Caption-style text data
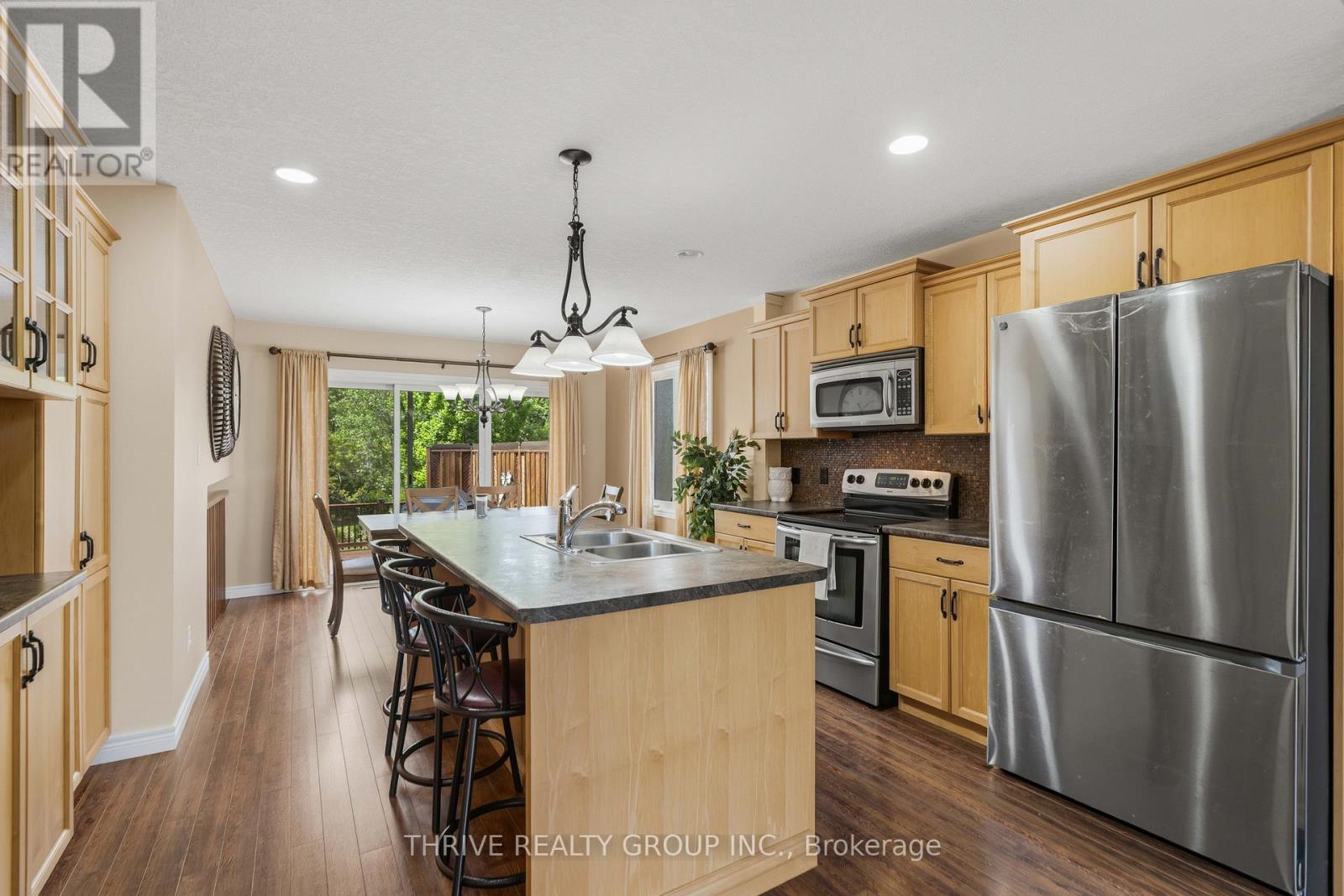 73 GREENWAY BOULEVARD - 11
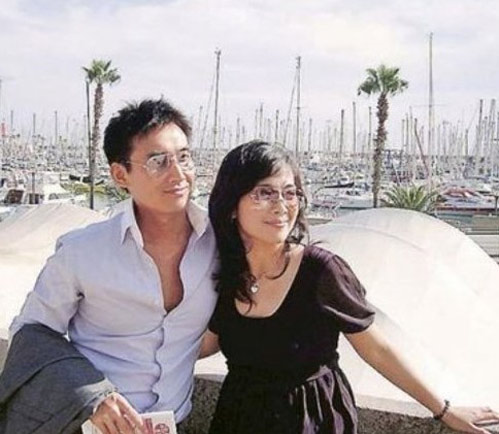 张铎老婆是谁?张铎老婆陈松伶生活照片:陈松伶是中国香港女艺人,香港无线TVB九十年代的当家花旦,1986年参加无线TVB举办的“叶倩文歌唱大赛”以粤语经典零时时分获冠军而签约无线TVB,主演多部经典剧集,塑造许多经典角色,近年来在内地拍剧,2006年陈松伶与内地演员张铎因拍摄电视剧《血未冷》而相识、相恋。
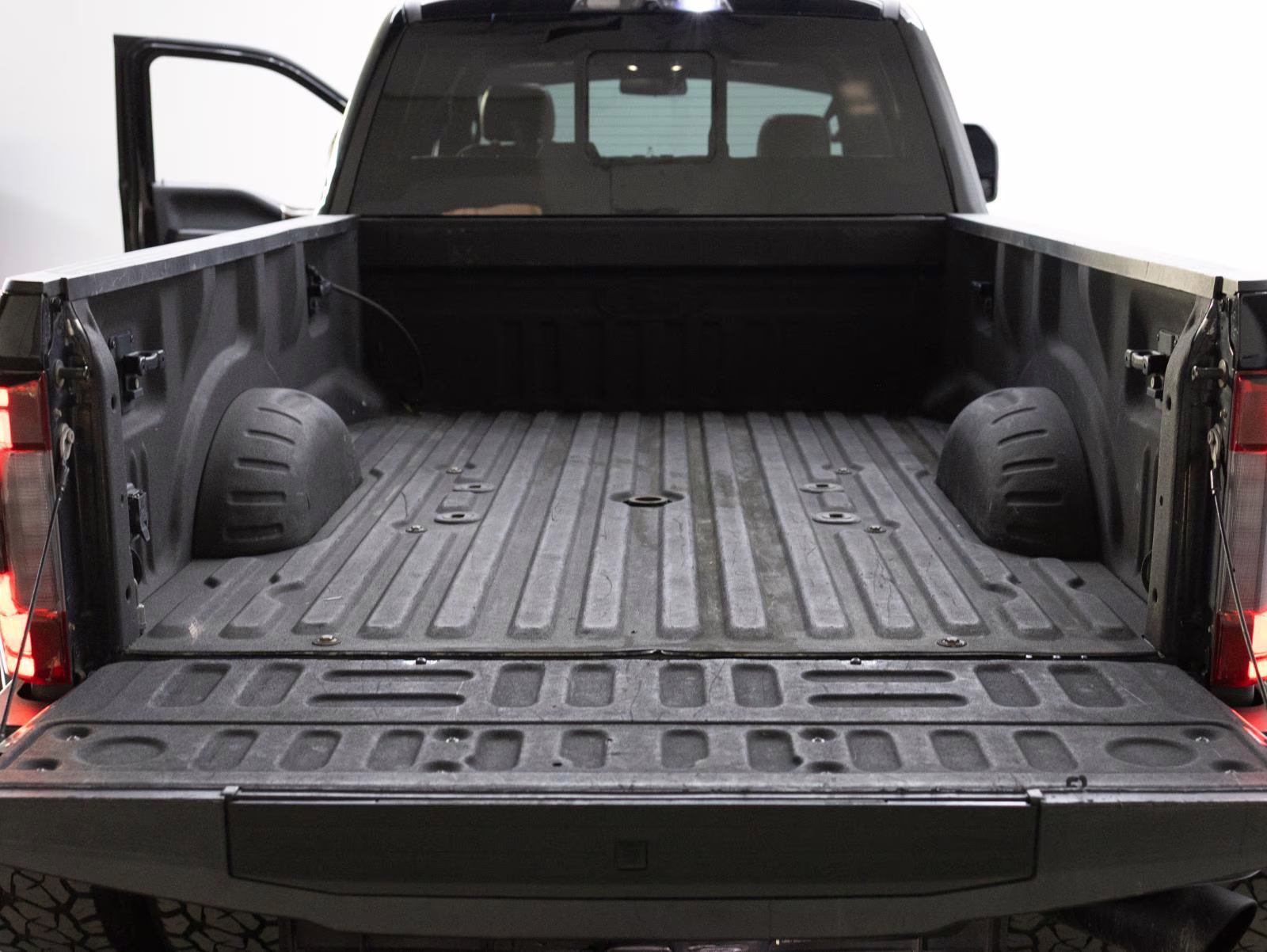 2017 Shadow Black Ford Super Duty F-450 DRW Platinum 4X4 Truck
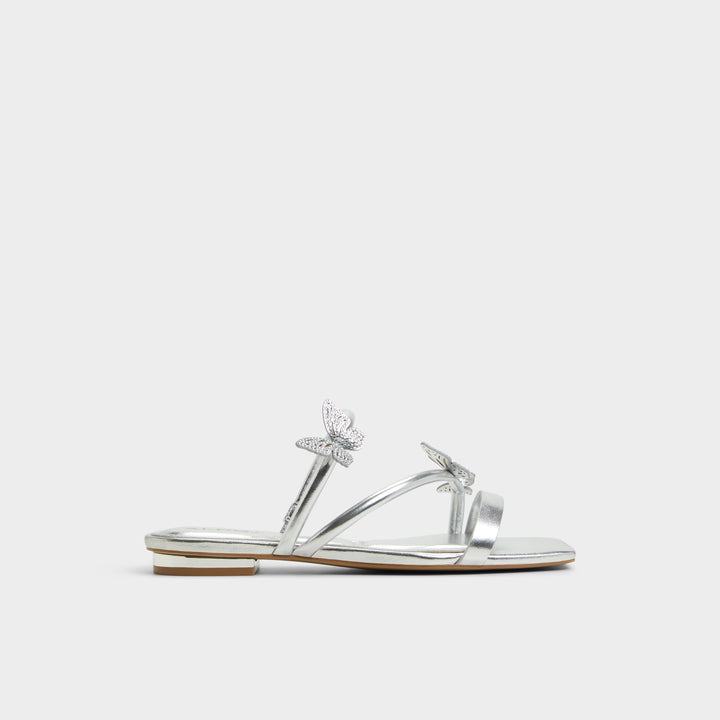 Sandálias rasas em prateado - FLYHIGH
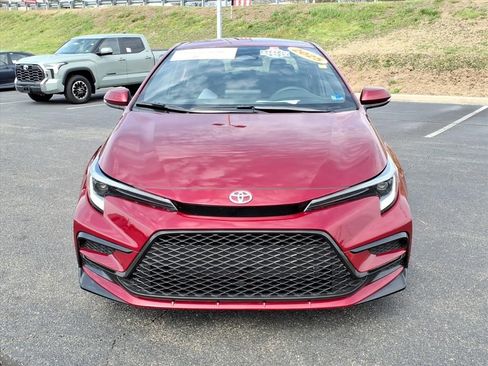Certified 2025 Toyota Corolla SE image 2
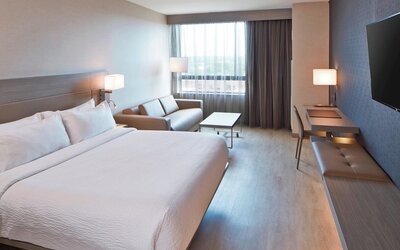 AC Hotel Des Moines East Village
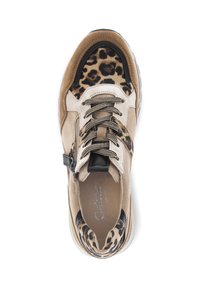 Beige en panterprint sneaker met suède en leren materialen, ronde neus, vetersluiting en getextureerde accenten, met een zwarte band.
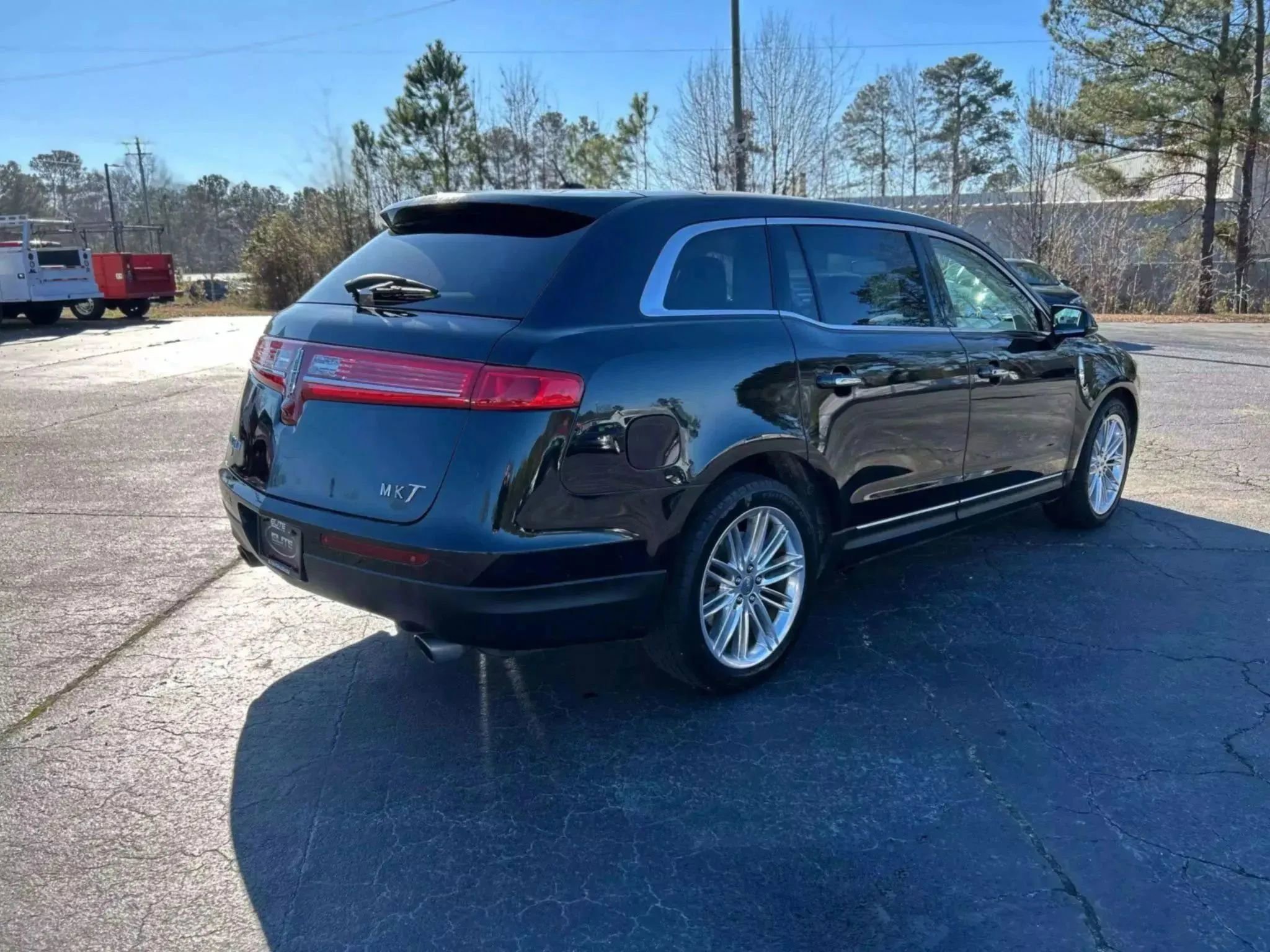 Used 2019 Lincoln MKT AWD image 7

#### TASK OBJECTIVE
Write the lines out exactly, beginning at the line that holds "2017 Shadow Black" and stopping after the last line of the entries; include no pictures.

#### TASK OUTPUT
 2017 Shadow Black Ford Super Duty F-450 DRW Platinum 4X4 Truck
 Sandálias rasas em prateado - FLYHIGH
Certified 2025 Toyota Corolla SE image 2
 AC Hotel Des Moines East Village
 Beige en panterprint sneaker met suède en leren materialen, ronde neus, vetersluiting en getextureerde accenten, met een zwarte band.
 Used 2019 Lincoln MKT AWD image 7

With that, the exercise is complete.